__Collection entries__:
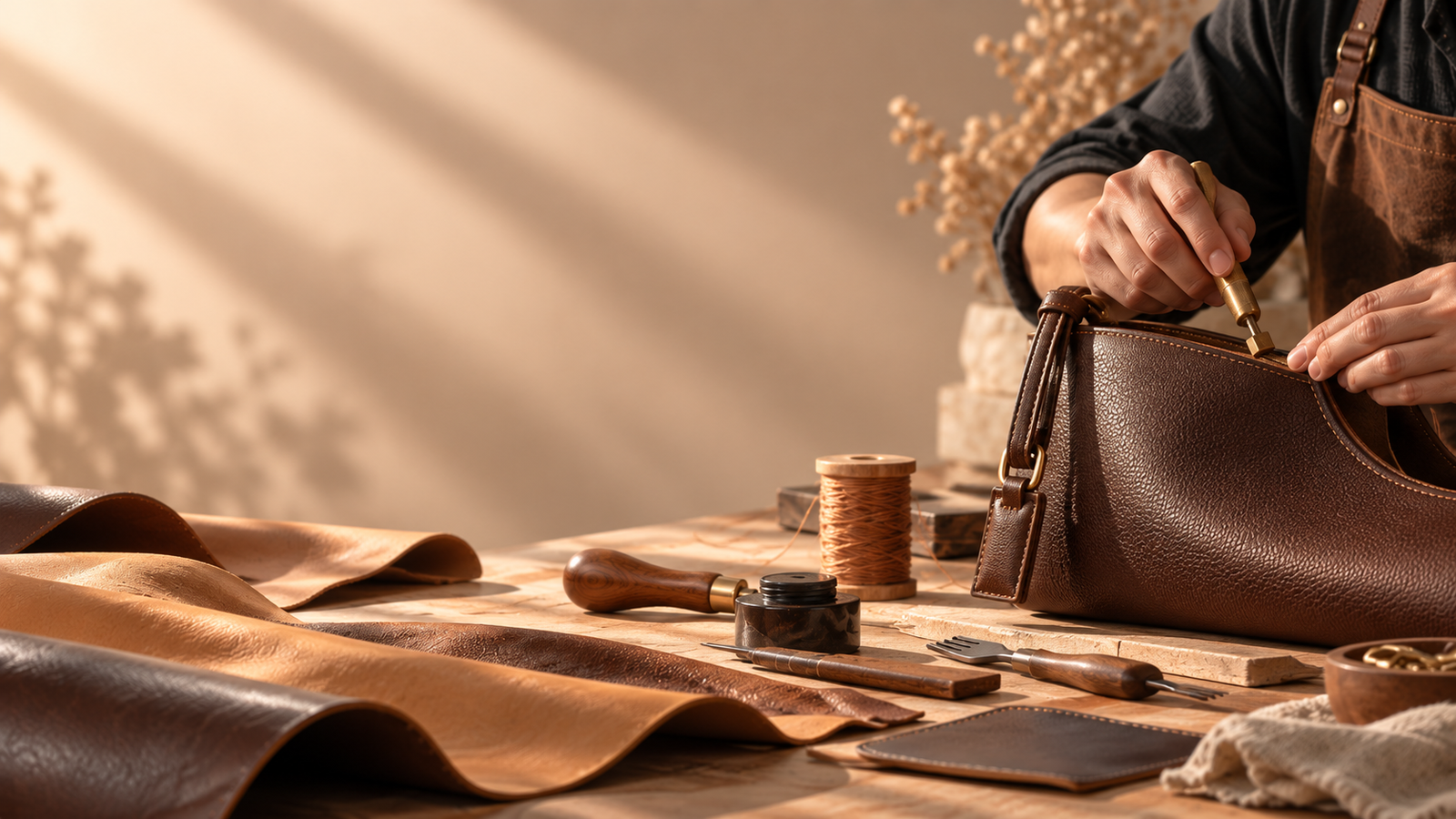 OEM ODM đồ da 95 LEATHER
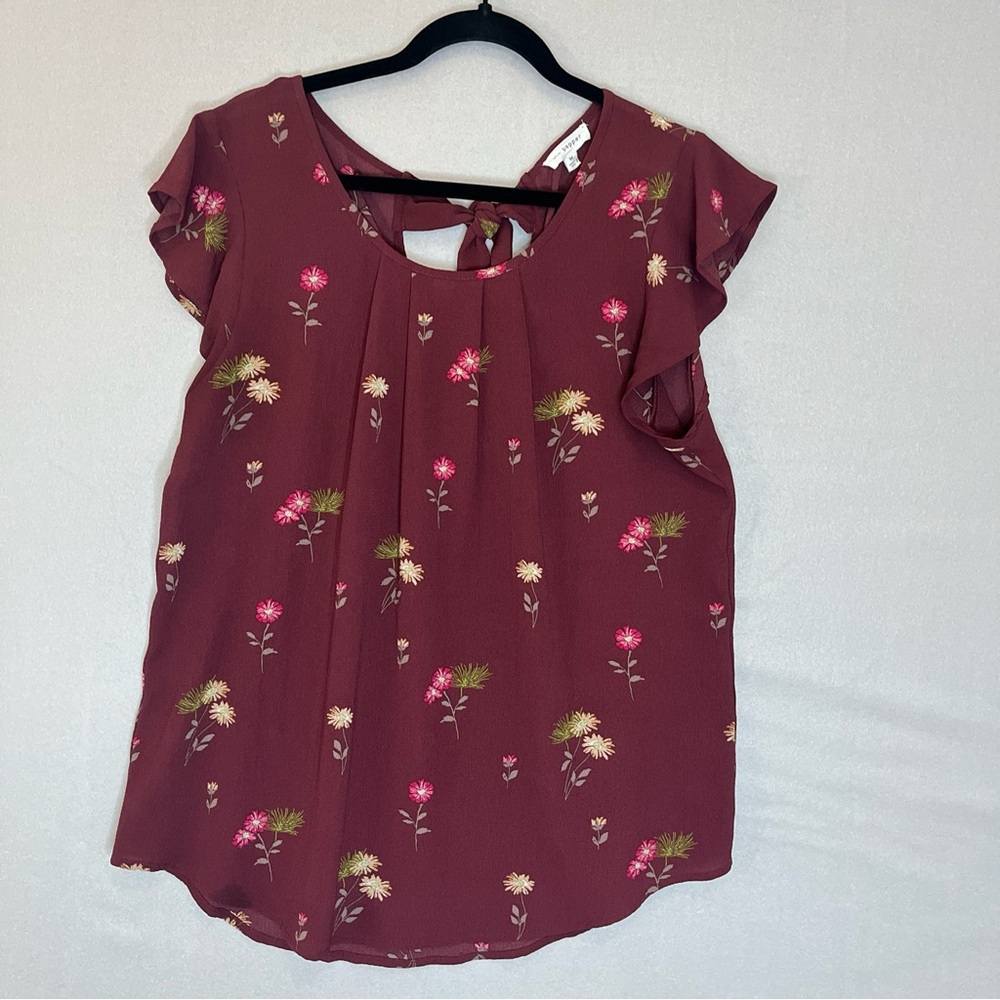 Flutter Sleeve Blouse-Stitch Fix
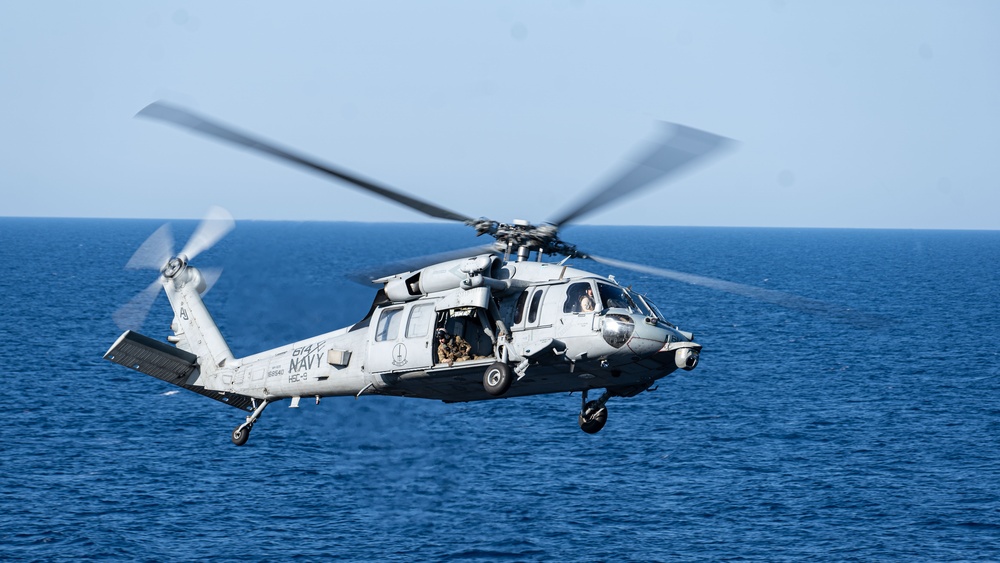 Replenishment At Sea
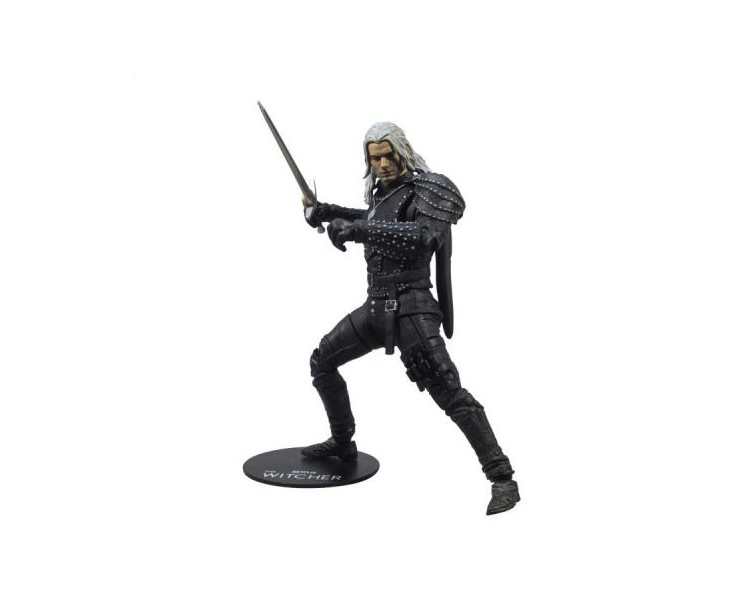 The Witcher (Netflix) Season 2 Geralt 17 cm (af5)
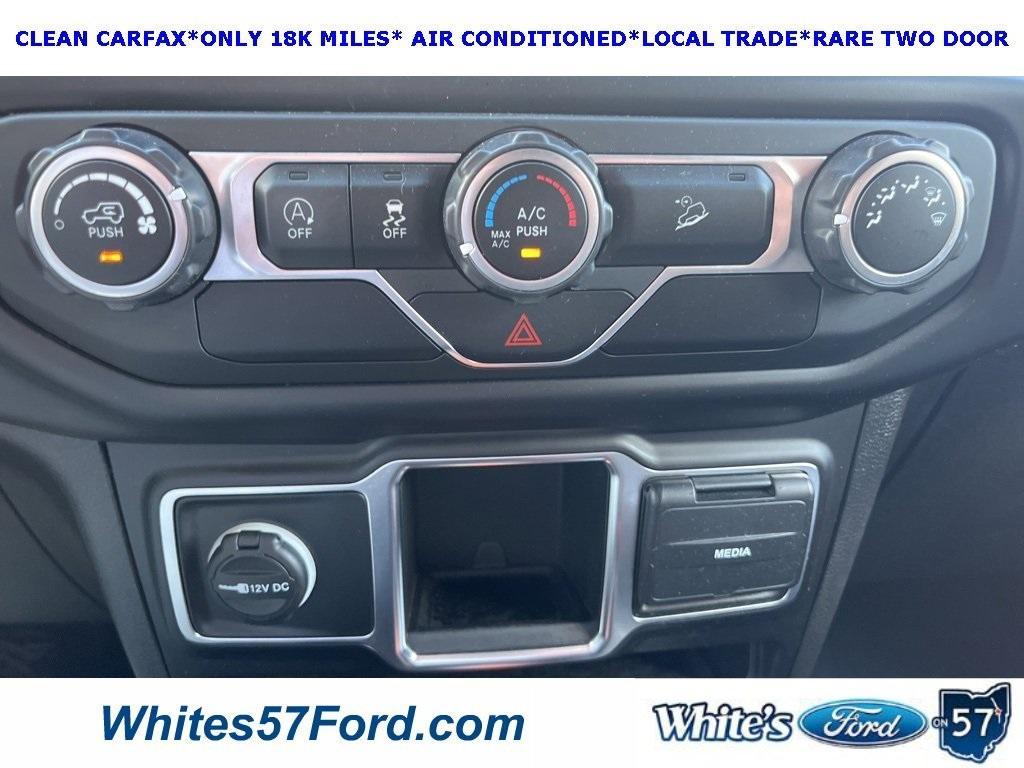 used 2021 Jeep Wrangler car, priced at $29,994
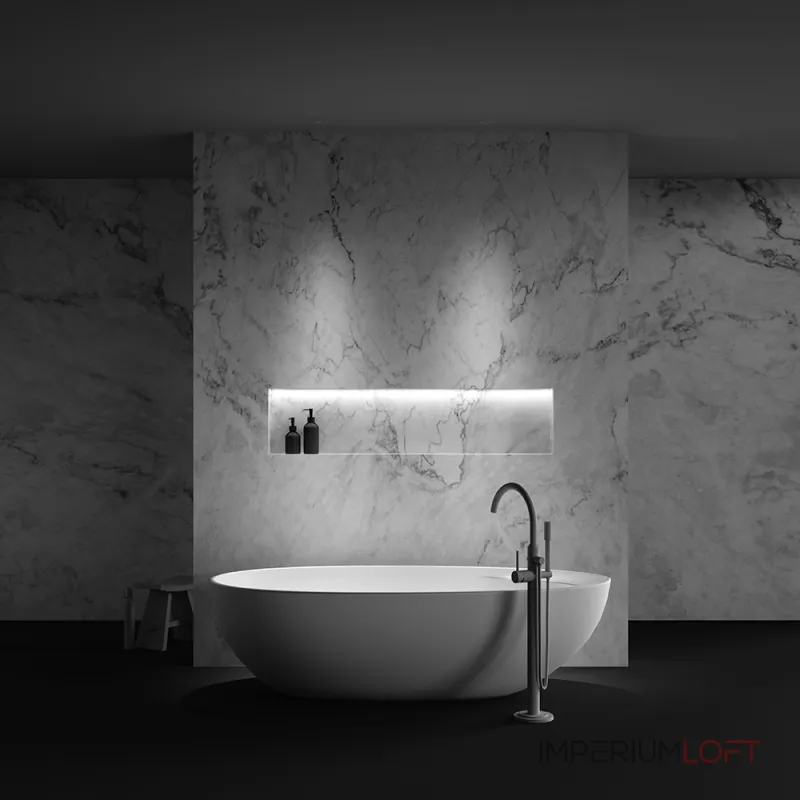 Встраиваемый светильник Maytoni Dip DL123-10W-2.7K-W от ImperiumLoft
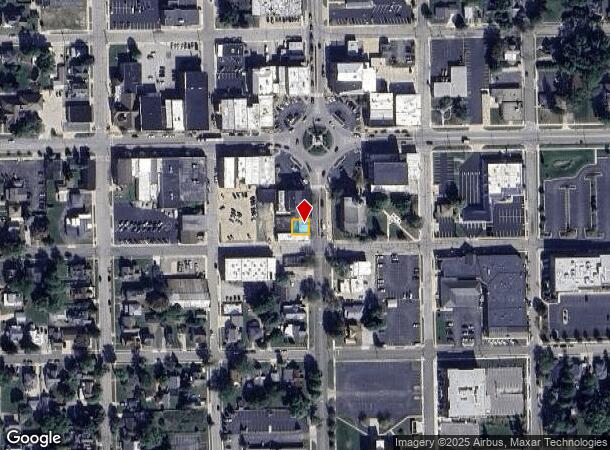 108 S Wayne St, Angola, IN Parcel Map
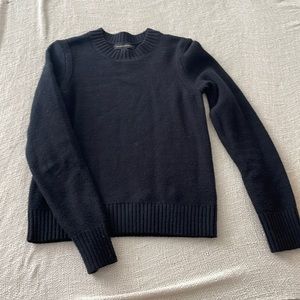 Like new black sweater from BR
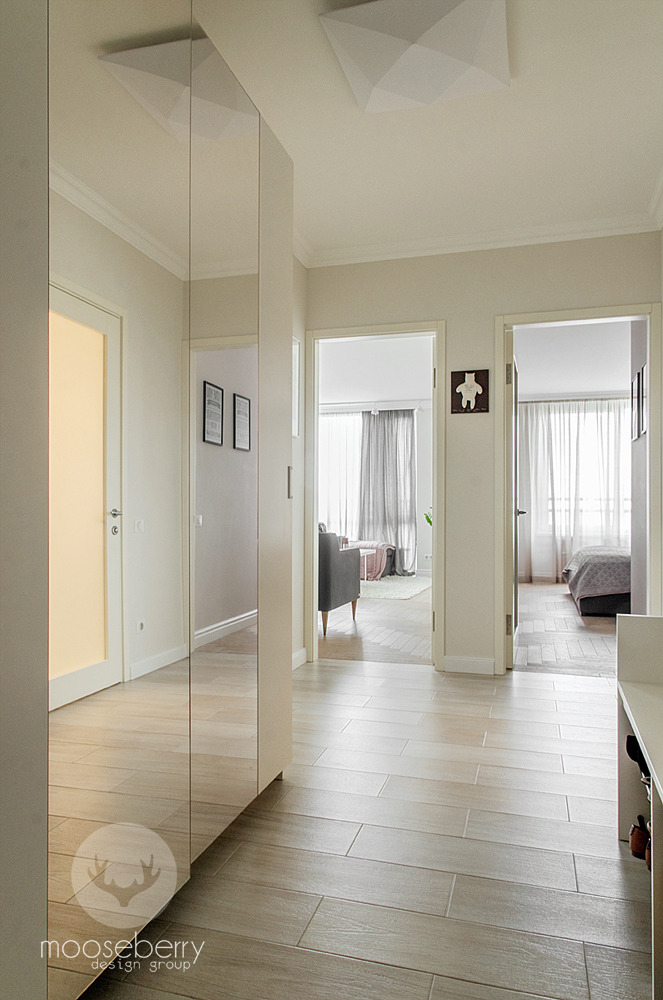 2015 年完工的现代公寓室内设计-17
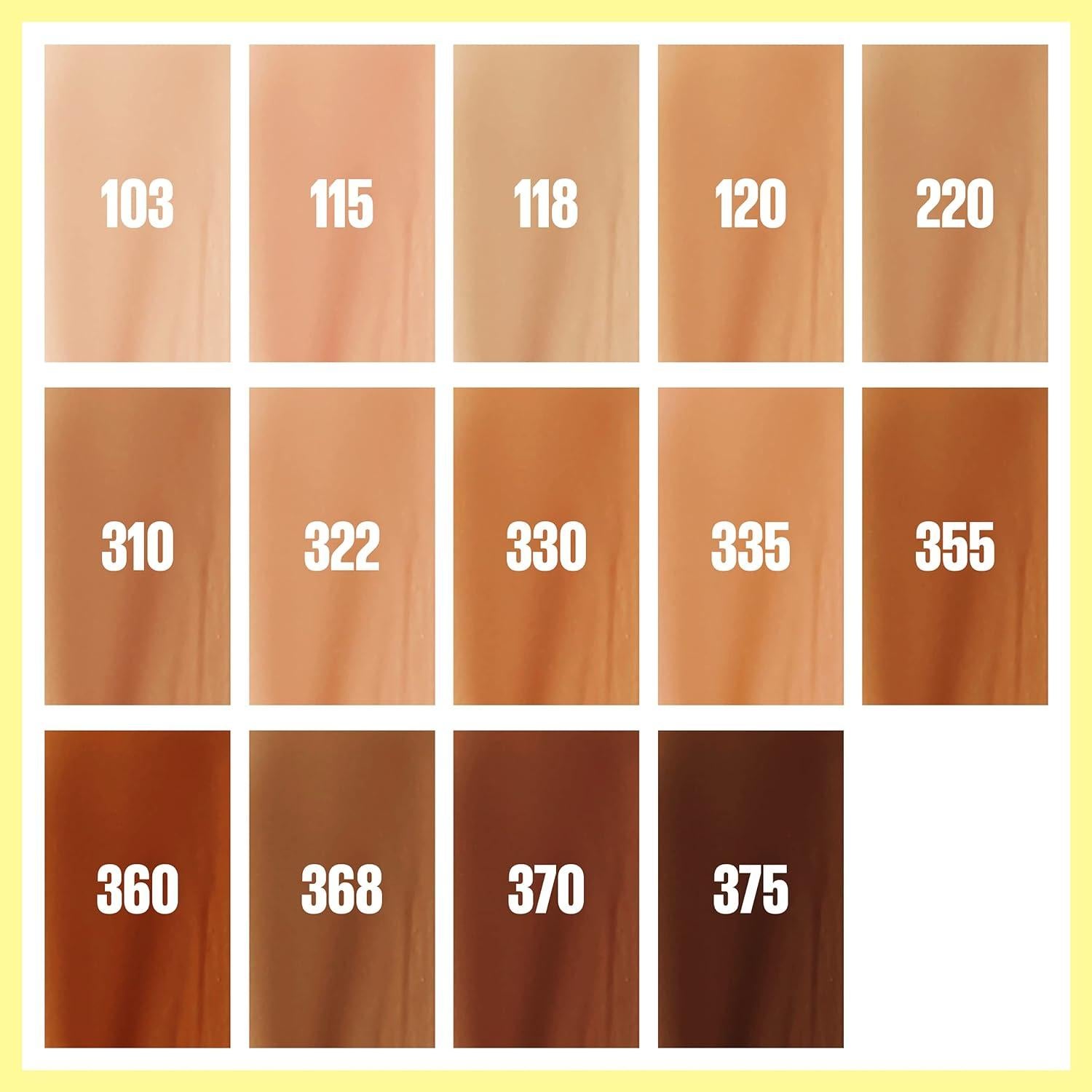 Maybelline Fit Me Tinte Hidratante 29.57 ml Color 103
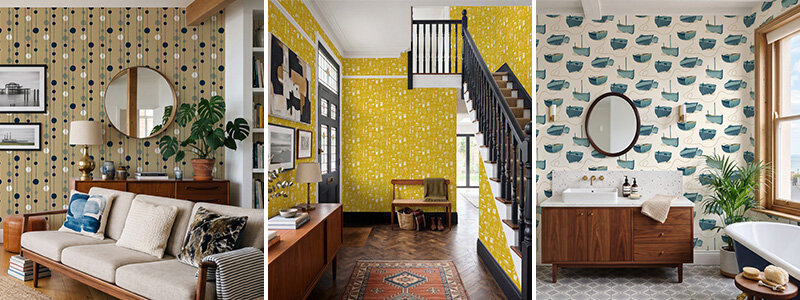 Mini Moderns x Albany II Wallpaper Collection
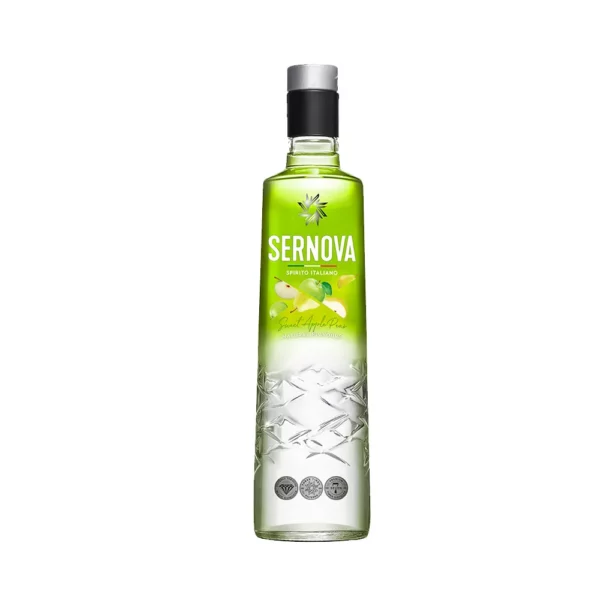 Vodka Sernova Sweet Apple x700cl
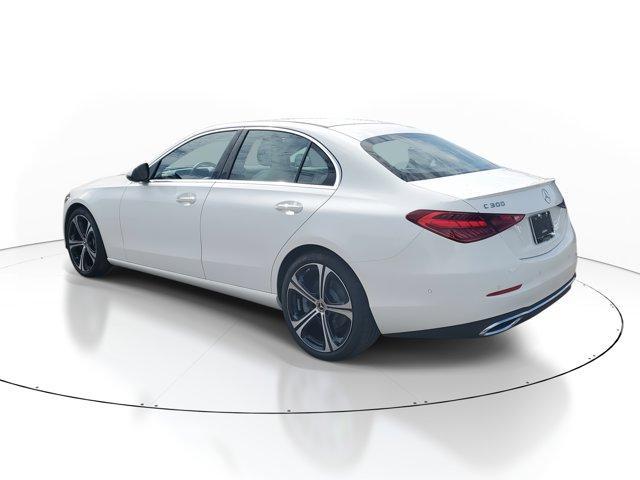 new 2025 Mercedes-Benz C-Class car, priced at $51,055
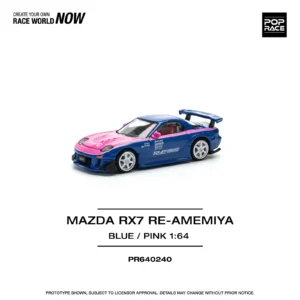 Mazda EX7 Re-Amemiya, 1:64 Scale (Blue)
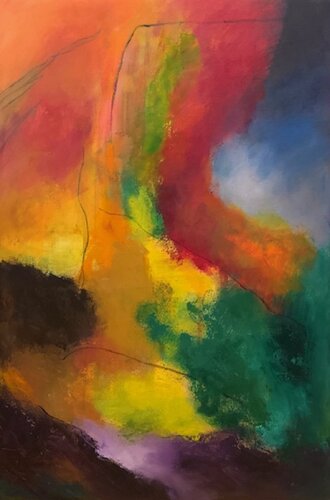 Joy_26 by Sung Gross, Painting for Sale on Select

__WHAT YOU SHOULD DO__: Repeat each record as given. No picture belongs in the copy.

__EXERCISE ANSWER__:
 OEM ODM đồ da 95 LEATHER
 Flutter Sleeve Blouse-Stitch Fix
 Replenishment At Sea
 The Witcher (Netflix) Season 2 Geralt 17 cm (af5)
 used 2021 Jeep Wrangler car, priced at $29,994
 Встраиваемый светильник Maytoni Dip DL123-10W-2.7K-W от ImperiumLoft
 108 S Wayne St, Angola, IN Parcel Map
 Like new black sweater from BR
 2015 年完工的现代公寓室内设计-17
 Maybelline Fit Me Tinte Hidratante 29.57 ml Color 103
 Mini Moderns x Albany II Wallpaper Collection
 Vodka Sernova Sweet Apple x700cl
 new 2025 Mercedes-Benz C-Class car, priced at $51,055
 Mazda EX7 Re-Amemiya, 1:64 Scale (Blue)
 Joy_26 by Sung Gross, Painting for Sale on Select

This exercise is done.